Ich drehte mich um und erblickte tatsächlich Grizzly Adams. In der freien Wildbahn sah der Mann noch Furcht einflößender aus als auf seinem eigenen Pappaufsteller: groß, kräftig, mit Rauschebart und Lederjacke saß er vor einer Gartenlaube, die aus Baumstämmen errichtet war wie eine Blockhütte in den Rocky Mountains. Über der Tür hing der ausgestopfte Kopf eines Elches und an der Hauswand ein mottenzerfressenes, braunes Fell, das wohl ursprünglich einem unter Haarausfall leidenden Büffel oder einem Bären mit Schädlingsproblem gehört hatte.

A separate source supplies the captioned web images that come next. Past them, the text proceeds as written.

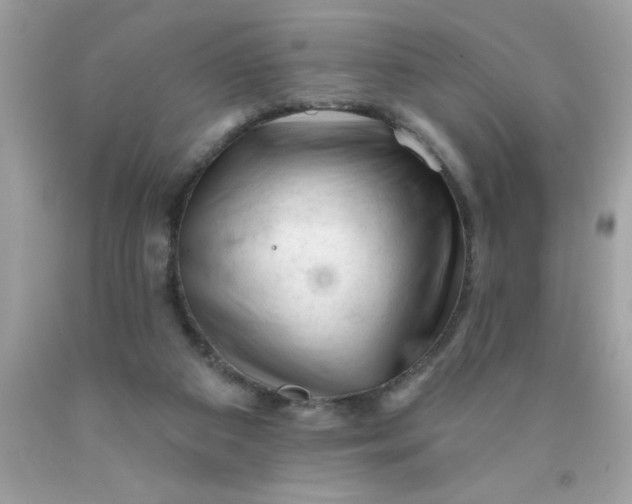 X0000090480113200707272327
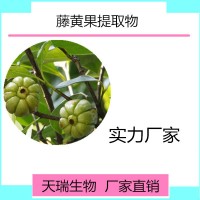 藤黄果粉  羟基柠檬酸 喷雾干燥粉 天瑞生物现货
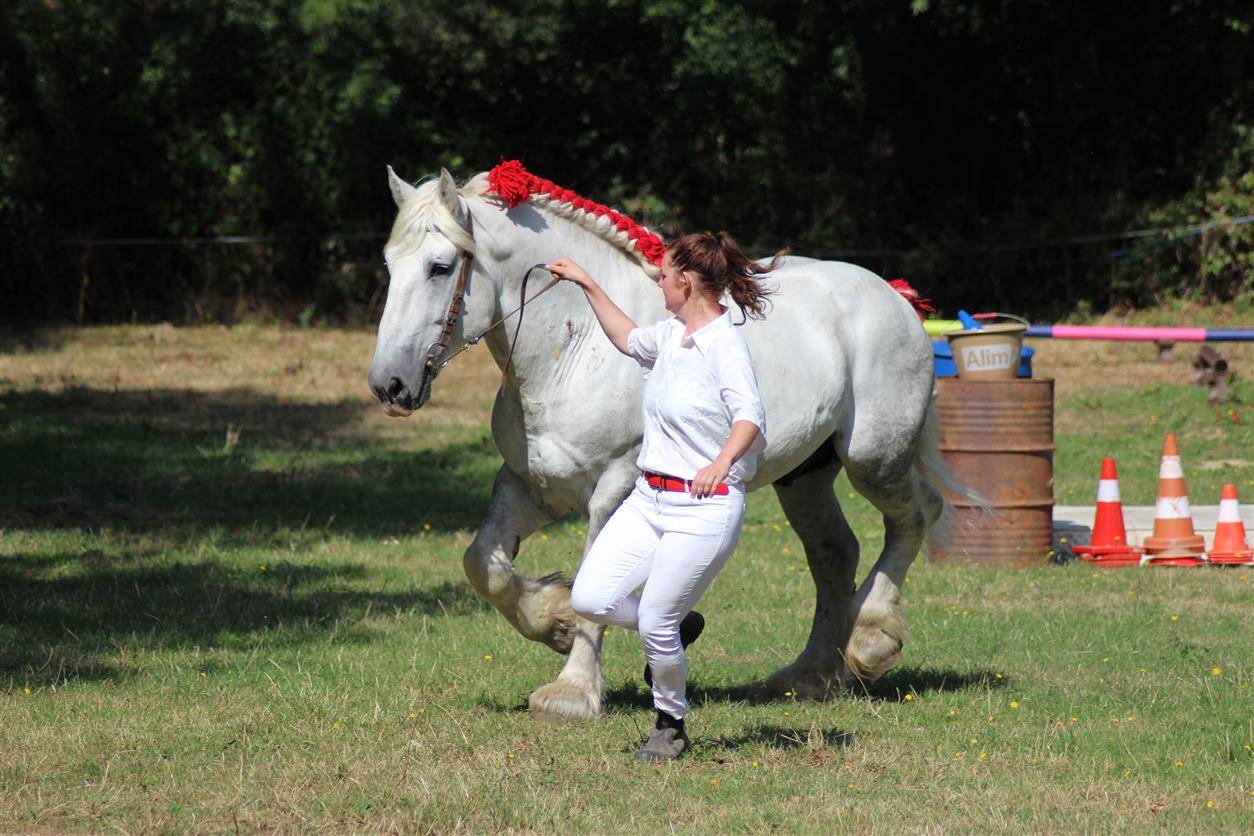 Stallone Percheron In vendita 2017 Grigio ,  vasco de theuret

Neben dem Blockhaus erstreckte sich ein großer Gartenteich. Ich registrierte die dicke, schwarze Folie, die am Ufer aus der Erde ragte. Kein Zweifel, der Teich war erst kürzlich angelegt worden.
»Ja, Herr Danner, das ist also die Parzelle«, zog Bengel meine Aufmerksamkeit auf sich. »Vierhundert Quadratmeter, Strom und Wasseranschluss. Es muss natürlich einiges getan werden. Aber dafür mache ich Ihnen einen Sonderpreis fürs erste Jahr.«
Die Hände in den Jackentaschen spähte Danner über einen Maschendraht in vierhundert Quadratmeter mannshohes Gestrüpp.
»Was für ein Zufall«, grinste er. »Das ist genau das, was wir suchen.«
Klick.
Frische Brötchen. Mit Mohn oder Körnern. Noch warmes Brot im Regal. Weizen, Roggen und Vollkorn, groß oder klein, eckig und rund. Die Verkäuferin ist jung und stämmig. Mit roten Wangen, kurzen, hellen Haaren und weißer Schürze. Sie reicht die prall gefüllte Tüte über den Tresen.
Ein Foto wie aus der Werbung.
7.
Grizzly Adams war aufgestanden und beobachtete mit grimmigem Gesicht, wie Danner eine Kiste Fiege- Bier auf dem Gartenweg abstellte.
Ich nickte dem Bärtigen freundlich zu.
»Hmpf!«, machte der Mann statt einer Antwort und ließ sich wieder auf den wackligen Plastikstuhl vor seiner Blockhütte fallen.
Ratlos betrachteten wir das morsche, in vertrockneten Brennnesseln und Schlingpflanzen festgewachsene Gartentor unserer Parzelle. Ich war davon ausgegangen, dass Katrin Hesskamps Bezeichnung ›Dschungel‹ eine Übertreibung gewesen war.